United Technologies said last month its two subsidiaries, Pratt & Whitney Canada and Hamilton Sundstrand Corp, agreed to pay more than $75 million to the US government to settle criminal and administrative charges related to the violations.
But the Chinese defence ministry, in the first official response, denied having anything to do with the incident, insisting its helicopter programme relied purely on indigenous know-how.
"To say that China stole US technology in the process of developing helicopter gunships is seriously out of kilter with the facts," spokesman Yang Yujun said in a statement posted on the ministry's website.
"China's development of helicopter gunships has all along been done upholding the principles of standing on ones own and independent innovation, relying on our own strength for development and production," he added.

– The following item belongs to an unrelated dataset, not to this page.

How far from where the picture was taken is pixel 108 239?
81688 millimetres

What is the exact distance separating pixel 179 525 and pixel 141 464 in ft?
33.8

"China's helicopter gunships and its engines are all self-developed and produced and we own all the intellectual property rights."
US federal prosecutors said United Technologies knew that its export of modified software to China would allow Beijing to test and develop its new military helicopter, called the Z-10, using 10 engines that had been legally exported as commercial items.
Prosecutors said the company harmed national security while trying to gain access to China's lucrative civilian helicopter market. United Technologies said it accepted responsibility for the violations and deeply regretted that they had occurred.
The case comes amid growing US concerns about China's military expansion and escalating electronic espionage.
Federal authorities have brought five major cases since last February, involving everything from drone technology to radiation-hardened computers used in satellite communications.
Western experts say the Z-10, first delivered to China's People's Liberation Army in 2009, is developing into one of the world's most modern and capable combat helicopters.